Work task:
Retype all the records below exactly as they are, with no image carried over.

Exercise data:
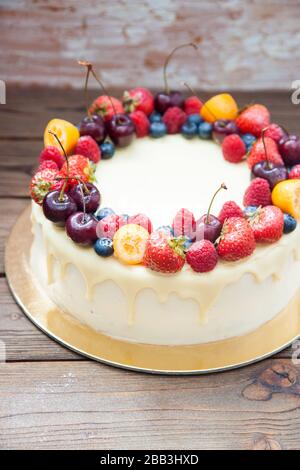 Cheesecake au chocolat blanc, baies fraîches, fraises, cerises, bleuets et framboises sur fond de bois. Dessert d'été. Banque D'Images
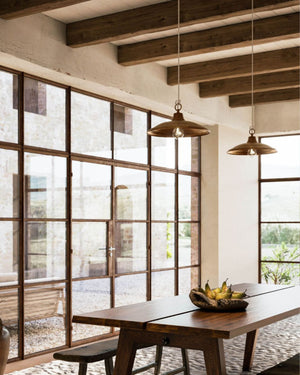 Two Italian brass and copper pendant light displayed in a dining room with windows offering a view on the outside 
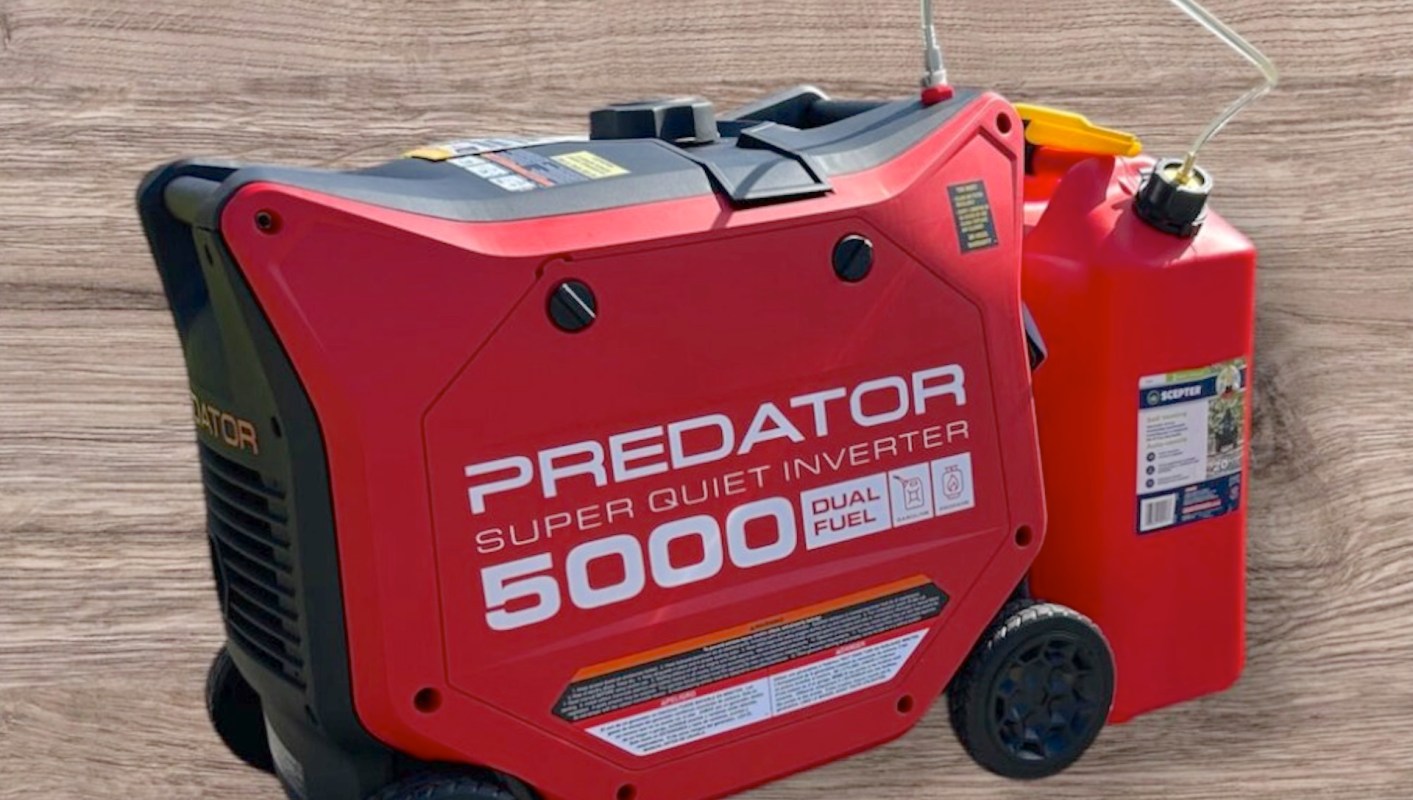 A red Predator 5000 dual fuel inverter generator with a fuel canister beside it.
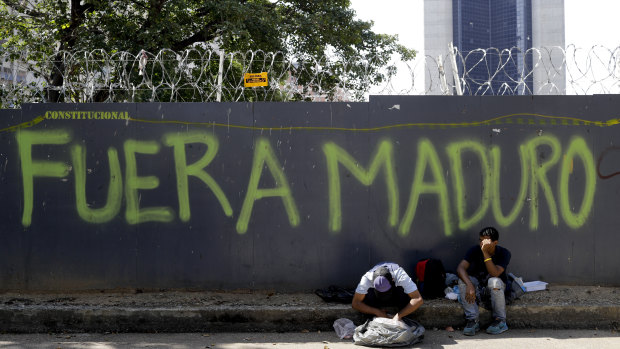 A man reaches into his bag to retrieve some food waste that was given to him by a Chinese restaurant as he sits in front of security fence spray-painted with a message that reads in Spanish: "Maduro out," in Caracas, Venezuela.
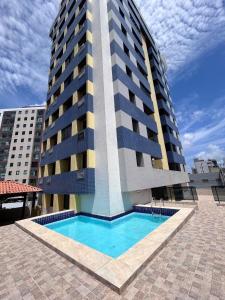a building with a swimming pool in front of a building at Refúgio em Intermares, 250m do Mar com piscina in Cabedelo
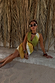 Green Ombre Deia Dress with earthy tones and raffia trim, styled in a sunny vacation setting.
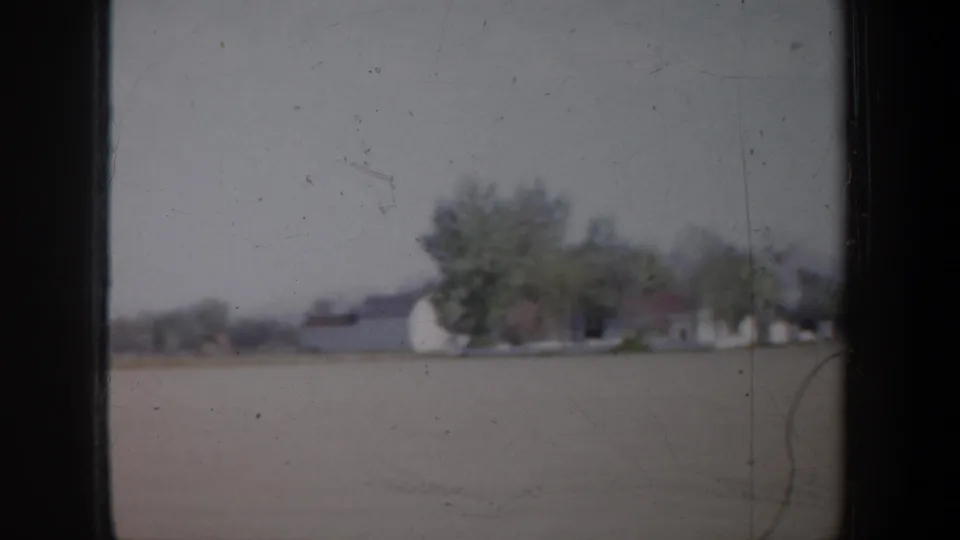 Soft 1957 8mm roadside frame showing a low house, clustered trees, and a broad field in the Portland area.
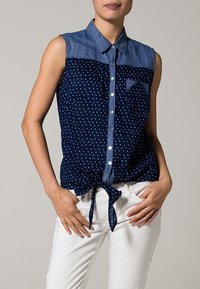 Camicia senza maniche blu navy con colletto azzurro chiaro, pois bianchi, taschino sul petto e orlo annodato. Realizzata in tessuto leggero.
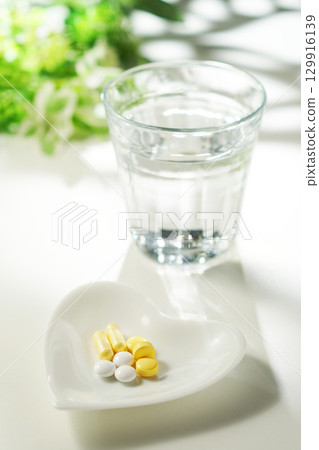 藥片和膠囊以及一杯礦泉水 129916139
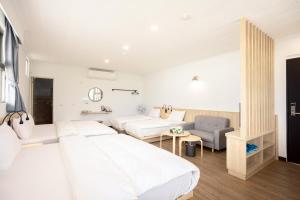 a white bedroom with two beds and a chair at 池上大地飯店 in Chishang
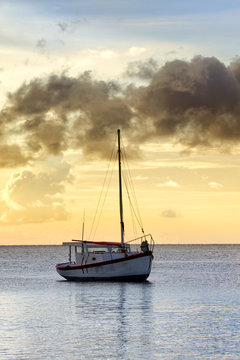 Fishing boat in sunset off Curacao coast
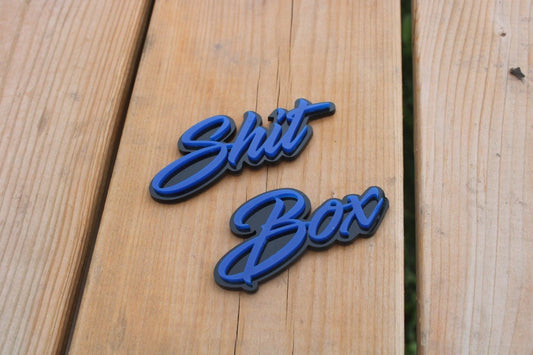 Shit Box Car Badge - Blue On Matt Black - Script Font - Atomic Car Concepts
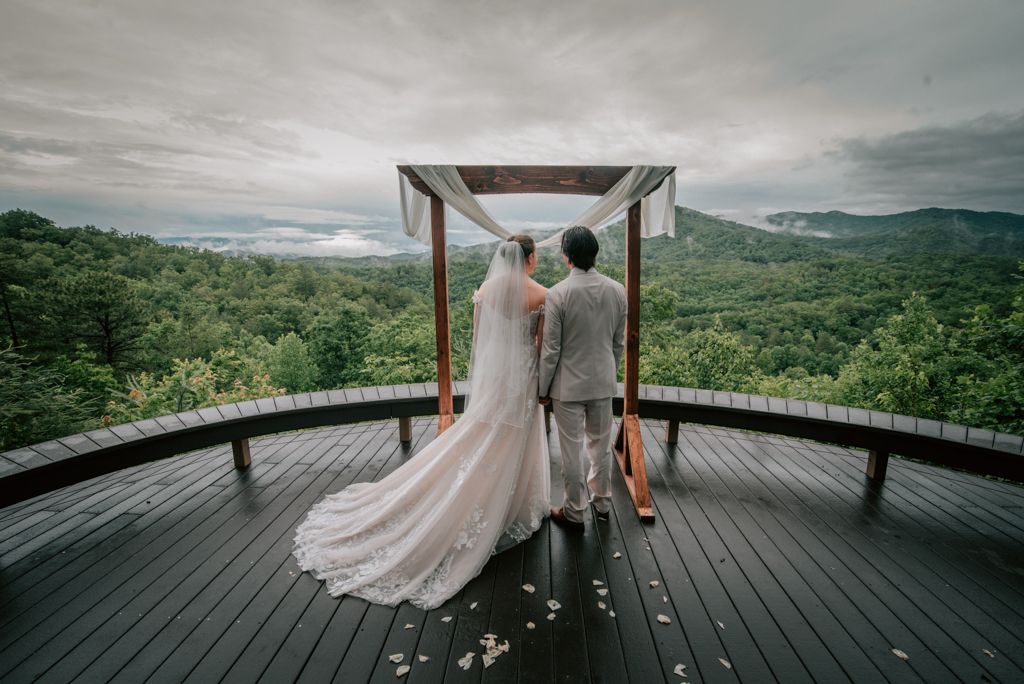A bride and groom stand under a wooden wedding canopy on a deck overlooking misty green mountains beneath a cloudy sky.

Exercise response:
 Cheesecake au chocolat blanc, baies fraîches, fraises, cerises, bleuets et framboises sur fond de bois. Dessert d'été. Banque D'Images
 Two Italian brass and copper pendant light displayed in a dining room with windows offering a view on the outside 
 A red Predator 5000 dual fuel inverter generator with a fuel canister beside it.
 A man reaches into his bag to retrieve some food waste that was given to him by a Chinese restaurant as he sits in front of security fence spray-painted with a message that reads in Spanish: "Maduro out," in Caracas, Venezuela.
a building with a swimming pool in front of a building at Refúgio em Intermares, 250m do Mar com piscina in Cabedelo
 Green Ombre Deia Dress with earthy tones and raffia trim, styled in a sunny vacation setting.
 Soft 1957 8mm roadside frame showing a low house, clustered trees, and a broad field in the Portland area.
 Camicia senza maniche blu navy con colletto azzurro chiaro, pois bianchi, taschino sul petto e orlo annodato. Realizzata in tessuto leggero.
 藥片和膠囊以及一杯礦泉水 129916139
 a white bedroom with two beds and a chair at 池上大地飯店 in Chishang
 Fishing boat in sunset off Curacao coast
 Shit Box Car Badge - Blue On Matt Black - Script Font - Atomic Car Concepts
A bride and groom stand under a wooden wedding canopy on a deck overlooking misty green mountains beneath a cloudy sky.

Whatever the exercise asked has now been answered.